夫婦が婚姻中に協力して取得した財産を、離婚する際に分けることを財産分与といいます。財産分与には、夫婦が共同生活を送る中で築いた財産を公平に分配すること(精算的財産分与)、離婚後の生活の保障(扶養的財産分与)、離婚原因を作ったことへの損害賠償(慰謝料的財産分与)の性質があり、中でも精算的財産分与が基本とされています。
財産分与の割合は、夫婦の話し合いにより決められますが、それぞれの収入にかかわらず、夫婦の財産を2分の1ずつに分けるのが原則です。個別的な事情を考慮して、割合が決められることもあります。

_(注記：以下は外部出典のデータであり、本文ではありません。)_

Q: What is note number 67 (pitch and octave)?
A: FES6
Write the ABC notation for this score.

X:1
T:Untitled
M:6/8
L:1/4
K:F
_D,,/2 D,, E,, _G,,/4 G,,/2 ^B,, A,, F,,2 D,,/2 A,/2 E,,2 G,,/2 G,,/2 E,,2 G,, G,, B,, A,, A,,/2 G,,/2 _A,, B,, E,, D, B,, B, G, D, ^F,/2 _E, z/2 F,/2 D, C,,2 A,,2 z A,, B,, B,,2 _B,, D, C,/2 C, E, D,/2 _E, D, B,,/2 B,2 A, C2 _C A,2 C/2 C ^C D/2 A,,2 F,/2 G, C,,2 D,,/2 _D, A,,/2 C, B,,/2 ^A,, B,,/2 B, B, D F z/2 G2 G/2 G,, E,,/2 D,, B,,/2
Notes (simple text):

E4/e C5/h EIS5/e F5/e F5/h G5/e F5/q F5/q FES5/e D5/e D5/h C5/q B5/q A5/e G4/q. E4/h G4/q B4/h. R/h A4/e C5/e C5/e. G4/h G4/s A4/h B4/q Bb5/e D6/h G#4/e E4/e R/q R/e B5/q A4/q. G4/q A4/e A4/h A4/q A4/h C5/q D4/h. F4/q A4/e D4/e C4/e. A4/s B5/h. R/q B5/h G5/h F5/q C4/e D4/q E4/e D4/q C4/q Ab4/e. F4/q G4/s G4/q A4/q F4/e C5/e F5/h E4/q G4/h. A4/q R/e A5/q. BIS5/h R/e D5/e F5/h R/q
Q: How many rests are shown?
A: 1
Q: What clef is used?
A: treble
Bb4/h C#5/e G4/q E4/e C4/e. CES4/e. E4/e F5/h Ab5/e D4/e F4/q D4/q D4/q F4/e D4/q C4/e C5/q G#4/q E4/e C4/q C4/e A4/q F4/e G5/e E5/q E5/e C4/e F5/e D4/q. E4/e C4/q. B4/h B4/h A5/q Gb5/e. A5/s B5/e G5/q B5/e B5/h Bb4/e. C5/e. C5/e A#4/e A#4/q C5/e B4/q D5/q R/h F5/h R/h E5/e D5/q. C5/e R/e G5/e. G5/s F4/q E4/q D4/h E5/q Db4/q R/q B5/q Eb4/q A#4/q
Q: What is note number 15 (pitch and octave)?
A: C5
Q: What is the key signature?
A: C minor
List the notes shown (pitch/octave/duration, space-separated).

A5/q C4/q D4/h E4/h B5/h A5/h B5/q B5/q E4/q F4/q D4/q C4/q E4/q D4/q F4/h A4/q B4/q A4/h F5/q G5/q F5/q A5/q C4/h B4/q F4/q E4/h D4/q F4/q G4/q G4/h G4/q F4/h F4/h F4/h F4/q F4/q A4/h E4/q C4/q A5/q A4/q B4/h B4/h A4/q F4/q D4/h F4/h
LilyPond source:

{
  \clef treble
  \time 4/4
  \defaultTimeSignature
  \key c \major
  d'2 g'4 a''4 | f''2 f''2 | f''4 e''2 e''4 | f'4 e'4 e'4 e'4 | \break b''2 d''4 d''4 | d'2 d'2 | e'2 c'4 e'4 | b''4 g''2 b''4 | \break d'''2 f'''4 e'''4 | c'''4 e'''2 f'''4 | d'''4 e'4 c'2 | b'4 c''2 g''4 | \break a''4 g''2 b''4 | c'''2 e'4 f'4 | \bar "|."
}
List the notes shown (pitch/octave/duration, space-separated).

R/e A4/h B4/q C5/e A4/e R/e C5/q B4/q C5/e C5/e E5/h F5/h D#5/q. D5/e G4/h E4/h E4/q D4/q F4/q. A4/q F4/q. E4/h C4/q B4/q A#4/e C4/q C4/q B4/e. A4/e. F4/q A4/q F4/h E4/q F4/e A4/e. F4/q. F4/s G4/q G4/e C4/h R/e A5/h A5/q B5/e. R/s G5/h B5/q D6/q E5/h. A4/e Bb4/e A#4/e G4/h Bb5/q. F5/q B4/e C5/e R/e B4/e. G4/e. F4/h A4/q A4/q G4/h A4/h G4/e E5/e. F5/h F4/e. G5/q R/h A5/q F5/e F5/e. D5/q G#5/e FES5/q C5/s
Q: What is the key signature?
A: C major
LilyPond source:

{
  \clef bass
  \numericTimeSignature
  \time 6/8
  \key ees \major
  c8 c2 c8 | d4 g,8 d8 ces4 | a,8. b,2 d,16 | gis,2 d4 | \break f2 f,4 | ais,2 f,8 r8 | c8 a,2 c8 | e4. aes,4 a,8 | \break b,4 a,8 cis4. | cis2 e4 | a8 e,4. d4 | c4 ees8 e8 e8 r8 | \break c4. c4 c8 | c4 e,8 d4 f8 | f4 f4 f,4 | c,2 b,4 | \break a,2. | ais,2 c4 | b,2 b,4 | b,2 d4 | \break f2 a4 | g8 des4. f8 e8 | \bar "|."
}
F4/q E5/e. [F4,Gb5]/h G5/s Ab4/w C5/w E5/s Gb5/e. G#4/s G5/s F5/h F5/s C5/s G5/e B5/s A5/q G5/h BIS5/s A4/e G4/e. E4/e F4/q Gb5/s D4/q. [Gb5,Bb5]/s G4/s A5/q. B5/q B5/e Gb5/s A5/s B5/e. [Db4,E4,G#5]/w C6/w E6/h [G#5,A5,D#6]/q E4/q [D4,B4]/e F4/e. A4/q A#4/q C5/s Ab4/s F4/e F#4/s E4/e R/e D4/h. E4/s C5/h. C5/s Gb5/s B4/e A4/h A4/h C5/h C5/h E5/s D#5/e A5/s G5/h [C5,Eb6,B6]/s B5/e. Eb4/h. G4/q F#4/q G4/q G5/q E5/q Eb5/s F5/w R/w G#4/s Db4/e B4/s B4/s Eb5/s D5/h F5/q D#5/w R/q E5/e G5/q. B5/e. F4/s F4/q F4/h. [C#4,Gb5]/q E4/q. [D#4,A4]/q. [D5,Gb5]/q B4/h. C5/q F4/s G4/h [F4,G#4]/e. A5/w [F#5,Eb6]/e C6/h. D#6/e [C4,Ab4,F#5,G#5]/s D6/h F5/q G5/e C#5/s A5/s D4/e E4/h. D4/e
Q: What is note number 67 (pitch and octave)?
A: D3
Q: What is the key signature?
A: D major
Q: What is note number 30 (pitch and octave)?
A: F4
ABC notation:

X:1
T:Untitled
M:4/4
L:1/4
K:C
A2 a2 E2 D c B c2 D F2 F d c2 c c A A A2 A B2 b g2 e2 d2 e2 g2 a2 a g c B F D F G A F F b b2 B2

財産分与の対象となる財産には、名義にかかわらず、夫婦が婚姻後に築いた一切の財産、例えば、現金、預貯金、不動産、自動車、退職金、家具や家電などが含まれます。結婚前にそれぞれが有していた貯金などは特有財産として、財産分与の対象にはなりません。
では、ペットも財産分与の対象になるでしょうか。ペットは法律上一種の動産とみなされ、婚姻中に夫婦で飼い始めたペットは財産分与の対象になります。しかし、他の財産のように半分に分けることができないのはもちろん、一般的に財産的な価値があるとされることは少なく、また、ペットをどちらが引き取って育てるかで揉めることもあります。この点、福岡家庭裁判所久留米支部(令和2年9月24日判決)は、資産の財産分与に加え、夫婦が飼っていた犬3頭について、積極的な財産的価値があるとは認め難いものの、夫婦共有財産に当たり、財産分与の一環として帰属等を明確にし、妻と夫が持分に応じて飼育費用を負担するのが相当であるとしました。また、具体的な分与の割合については現実的な飼育費用の負担能力も考慮し、夫が3分の2、妻が3分の1の割合であるとし、犬を飼い続ける妻に対して、飼育に必要な費用のうち夫の持分に相当する金額について定期金の支払いを命じました。この裁判所の判断は、ひとつの事例にすぎませんが、ペットの財産分与について、様々な解決策があることを示すものといえるでしょう。